So, in all FS backends that use ProxyWorker, emscripten_proxy_sync_with_ctx() is called: https://github.com/emscripten-core/emscripten/blob/06a8d7ad0b1a473b3368aea87b9bda134706774f/system/lib/pthread/proxying.c#L457 It calls emscripten_proxy_async() first then it proceeds to waiting for a completion via pthread_cond_wait(). _emscripten_notify_task_queue() is used for submitting async task from a user background thread to a ProxyWorker thread. But the problem is that it's done through the main thread via postMessage and the main thread is busy: https://github.com/emscripten-core/emscripten/blob/06a8d7ad0b1a473b3368aea87b9bda134706774f/src/library_pthread.js#L1015 If two threads could communicate directly that wouldn't be a problem.

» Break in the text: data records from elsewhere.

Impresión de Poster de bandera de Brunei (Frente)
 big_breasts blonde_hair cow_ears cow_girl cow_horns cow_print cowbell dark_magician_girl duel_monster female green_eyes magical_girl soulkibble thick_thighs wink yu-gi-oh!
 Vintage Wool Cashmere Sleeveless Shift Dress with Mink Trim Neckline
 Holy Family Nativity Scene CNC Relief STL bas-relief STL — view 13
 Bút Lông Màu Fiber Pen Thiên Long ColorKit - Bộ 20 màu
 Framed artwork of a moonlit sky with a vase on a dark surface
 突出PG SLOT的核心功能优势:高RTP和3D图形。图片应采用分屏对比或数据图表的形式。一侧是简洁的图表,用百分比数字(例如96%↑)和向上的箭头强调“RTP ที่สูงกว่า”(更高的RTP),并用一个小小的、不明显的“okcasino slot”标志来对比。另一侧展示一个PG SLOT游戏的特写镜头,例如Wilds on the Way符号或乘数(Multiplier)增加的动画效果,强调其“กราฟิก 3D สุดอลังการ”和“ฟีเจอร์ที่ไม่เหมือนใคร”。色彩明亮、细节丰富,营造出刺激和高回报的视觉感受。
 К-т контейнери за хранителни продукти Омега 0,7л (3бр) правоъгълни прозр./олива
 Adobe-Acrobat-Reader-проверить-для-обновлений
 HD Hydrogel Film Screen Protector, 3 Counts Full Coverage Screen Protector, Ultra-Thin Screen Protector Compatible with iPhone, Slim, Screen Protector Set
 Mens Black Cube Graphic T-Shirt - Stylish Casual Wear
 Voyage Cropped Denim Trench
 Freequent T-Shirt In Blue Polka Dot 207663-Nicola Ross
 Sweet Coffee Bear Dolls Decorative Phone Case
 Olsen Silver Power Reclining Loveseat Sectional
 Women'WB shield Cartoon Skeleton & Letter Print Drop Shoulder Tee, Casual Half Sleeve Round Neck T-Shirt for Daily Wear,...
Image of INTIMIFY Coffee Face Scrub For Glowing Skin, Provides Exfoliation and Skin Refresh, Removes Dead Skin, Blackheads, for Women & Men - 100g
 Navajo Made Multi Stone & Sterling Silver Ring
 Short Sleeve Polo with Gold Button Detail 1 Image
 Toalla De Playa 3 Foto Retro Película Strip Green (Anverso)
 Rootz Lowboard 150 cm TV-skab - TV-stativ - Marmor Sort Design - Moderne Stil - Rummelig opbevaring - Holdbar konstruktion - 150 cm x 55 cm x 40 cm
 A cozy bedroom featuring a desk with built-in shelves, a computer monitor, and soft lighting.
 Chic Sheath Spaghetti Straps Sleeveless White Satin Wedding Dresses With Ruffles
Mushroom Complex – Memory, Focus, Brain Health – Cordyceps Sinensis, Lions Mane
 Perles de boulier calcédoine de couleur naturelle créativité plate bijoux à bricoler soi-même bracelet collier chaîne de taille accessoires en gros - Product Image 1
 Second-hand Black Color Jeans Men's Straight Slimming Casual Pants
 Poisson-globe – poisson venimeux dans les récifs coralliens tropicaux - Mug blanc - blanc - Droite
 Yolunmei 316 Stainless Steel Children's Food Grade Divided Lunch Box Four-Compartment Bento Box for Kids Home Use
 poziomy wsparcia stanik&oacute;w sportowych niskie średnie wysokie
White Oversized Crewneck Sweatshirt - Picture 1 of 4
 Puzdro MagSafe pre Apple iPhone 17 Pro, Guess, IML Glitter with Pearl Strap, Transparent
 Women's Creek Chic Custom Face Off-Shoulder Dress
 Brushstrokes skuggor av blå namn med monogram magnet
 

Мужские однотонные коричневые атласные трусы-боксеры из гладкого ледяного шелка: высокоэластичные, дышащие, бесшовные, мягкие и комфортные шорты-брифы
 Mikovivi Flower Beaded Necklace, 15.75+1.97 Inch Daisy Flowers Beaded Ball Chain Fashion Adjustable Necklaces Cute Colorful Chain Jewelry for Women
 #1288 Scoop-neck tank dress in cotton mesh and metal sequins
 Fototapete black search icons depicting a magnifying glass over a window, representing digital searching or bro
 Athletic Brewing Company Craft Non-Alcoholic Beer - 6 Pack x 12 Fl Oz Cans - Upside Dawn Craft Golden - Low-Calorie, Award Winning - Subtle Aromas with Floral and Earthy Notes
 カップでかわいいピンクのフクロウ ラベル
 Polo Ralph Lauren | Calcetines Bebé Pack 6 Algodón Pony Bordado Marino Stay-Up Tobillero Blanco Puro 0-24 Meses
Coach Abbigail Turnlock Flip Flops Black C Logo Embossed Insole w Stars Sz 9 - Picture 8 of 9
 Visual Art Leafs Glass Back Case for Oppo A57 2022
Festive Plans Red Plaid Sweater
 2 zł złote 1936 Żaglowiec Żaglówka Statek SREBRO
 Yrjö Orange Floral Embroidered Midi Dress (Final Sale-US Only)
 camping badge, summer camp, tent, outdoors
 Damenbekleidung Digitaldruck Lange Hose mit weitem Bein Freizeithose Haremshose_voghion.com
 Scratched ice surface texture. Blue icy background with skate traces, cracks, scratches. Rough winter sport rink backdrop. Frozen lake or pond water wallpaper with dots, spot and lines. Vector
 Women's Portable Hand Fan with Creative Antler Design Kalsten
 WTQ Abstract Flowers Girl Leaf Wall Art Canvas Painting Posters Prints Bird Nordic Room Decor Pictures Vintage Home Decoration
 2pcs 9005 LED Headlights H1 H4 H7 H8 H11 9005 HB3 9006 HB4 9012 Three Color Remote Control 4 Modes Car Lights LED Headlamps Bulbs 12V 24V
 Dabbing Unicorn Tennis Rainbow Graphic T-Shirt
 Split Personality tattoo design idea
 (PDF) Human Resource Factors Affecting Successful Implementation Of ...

kripken commented 1 year ago

@tlively is working on this right now. There is a hack here that you can use for now: https://github.com/emscripten-core/emscripten/pull/17869 Otherwise, we have some ideas for how to do a proper fix, using either waitAsync and/or MessageChannels (avoiding postMessage through the main loop that way).

kripken commented 1 year ago

(Yes, the key thing is to get direct thread communication, good summary @mere-human !)